> **EXERCISE REQUIREMENTS**
Having located the line with "TESLA MODEL Y", repeat it and all remaining lines of the records exactly. Pictures do not belong in the answer.

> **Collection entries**
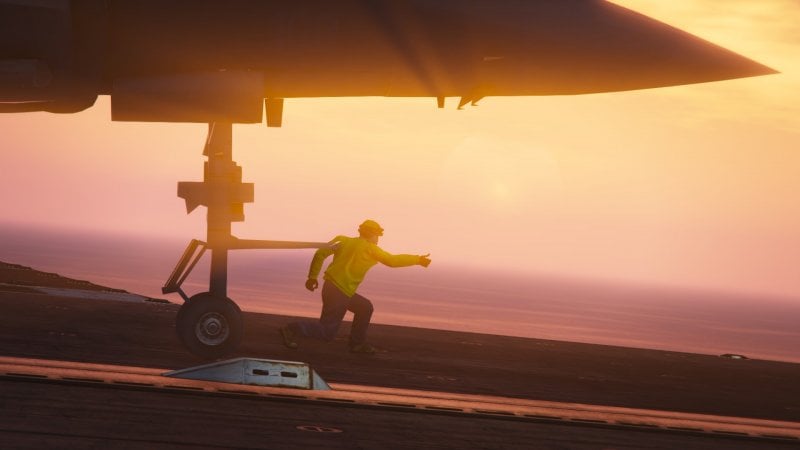 An image reminiscent of the aircraft carrier in GTA 5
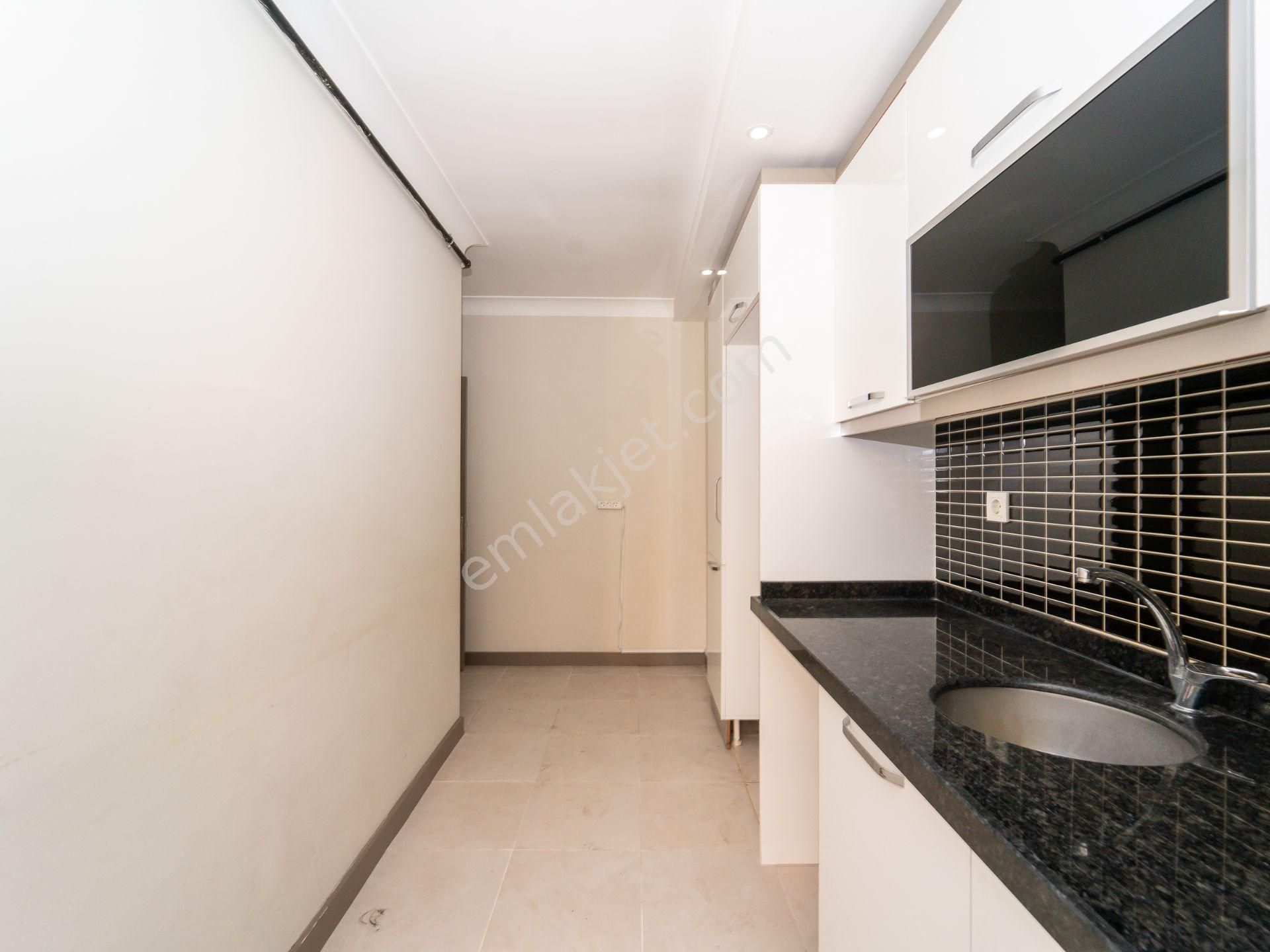 https://imaj.emlakjet.com/listing/13913116/DBFA6655343B8112BA94F7B0E252634913913116.jpg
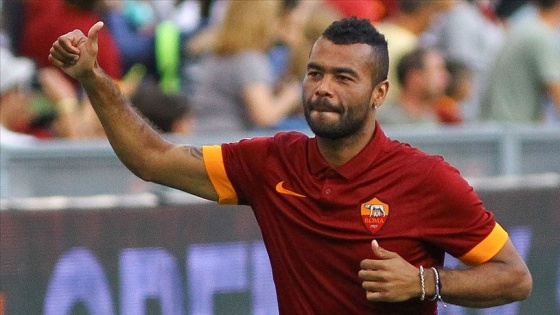 Ashley Cole futbolu bıraktı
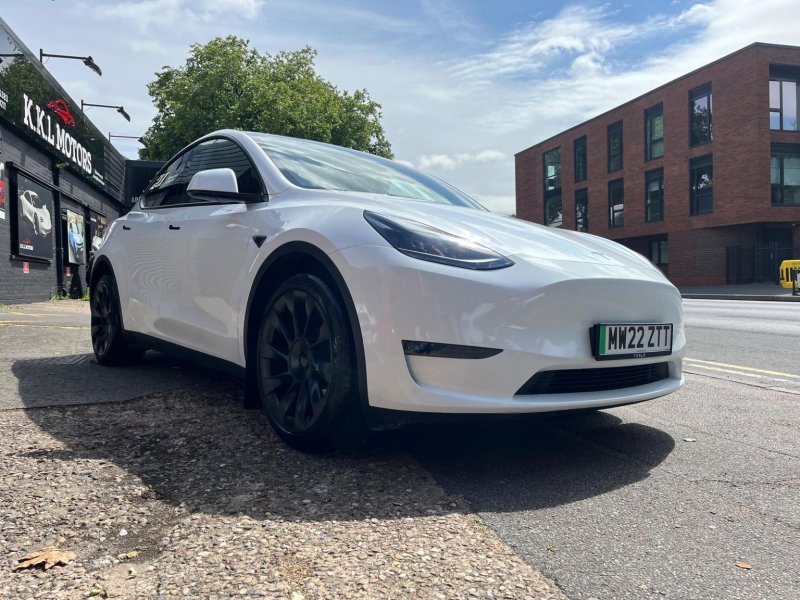 TESLA MODEL Y
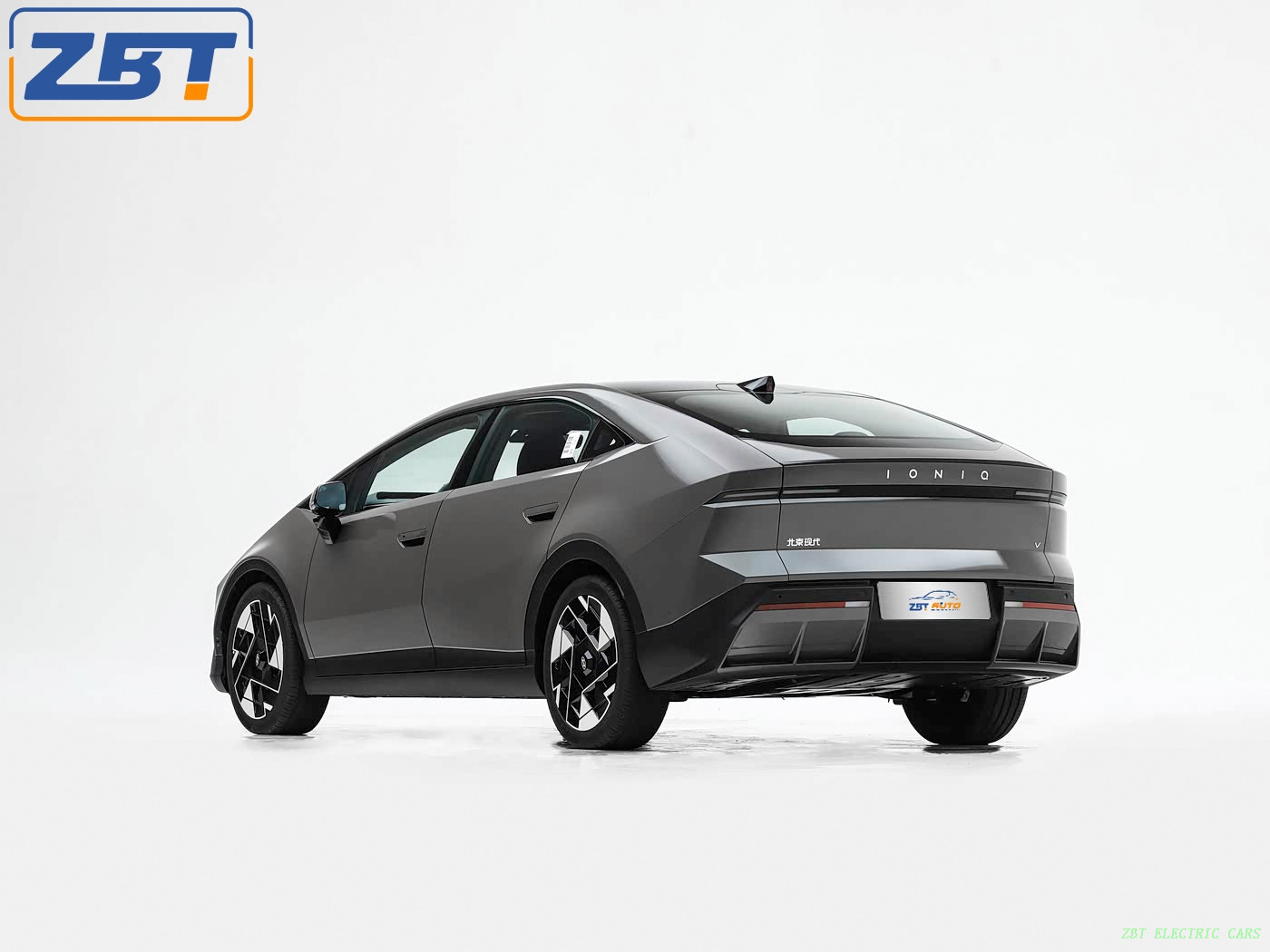 Бензиновый внедорожник IONIQ V, топливный автомобиль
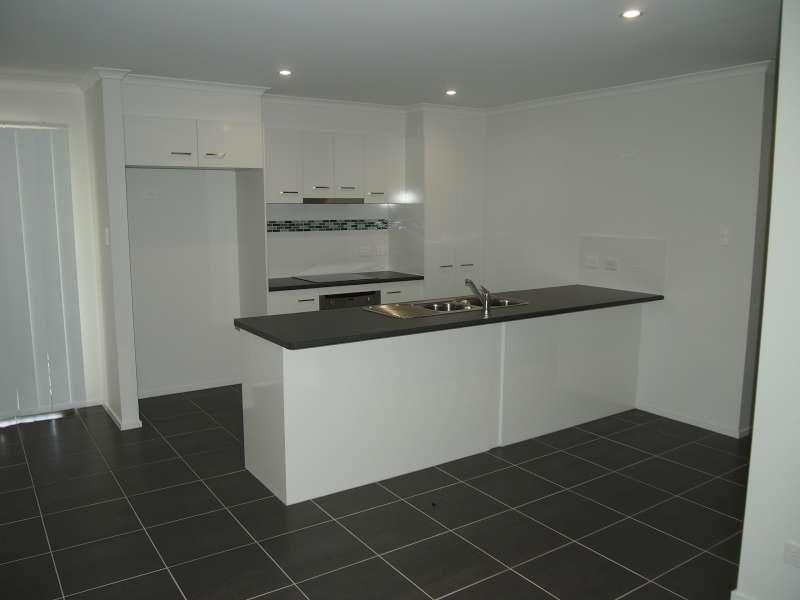 4 Scobie Street, Willow Vale QLD 4209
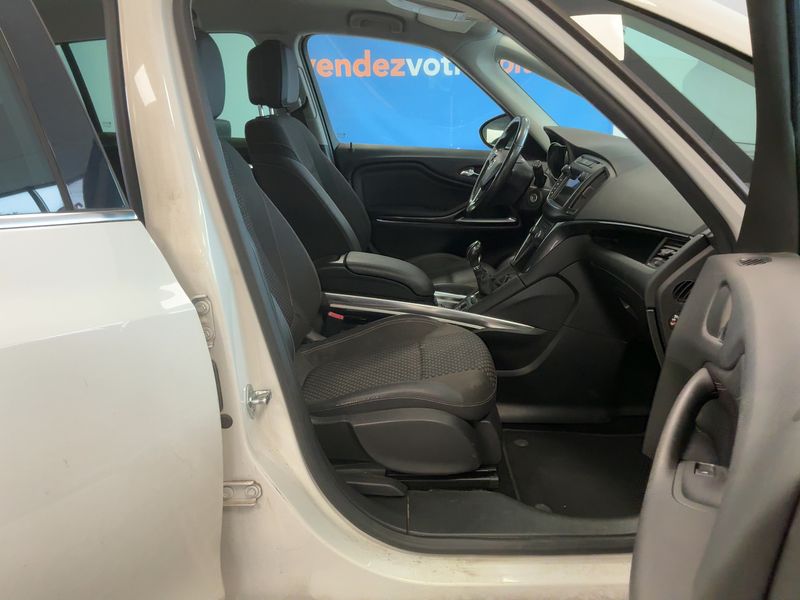 Opel Zafira Tourer 1.6 CDTI Elite Start/Stop 2017 – снимка 16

> **RESPONSE TO THE TASK**
 TESLA MODEL Y
 Бензиновый внедорожник IONIQ V, топливный автомобиль
 4 Scobie Street, Willow Vale QLD 4209
 Opel Zafira Tourer 1.6 CDTI Elite Start/Stop 2017 – снимка 16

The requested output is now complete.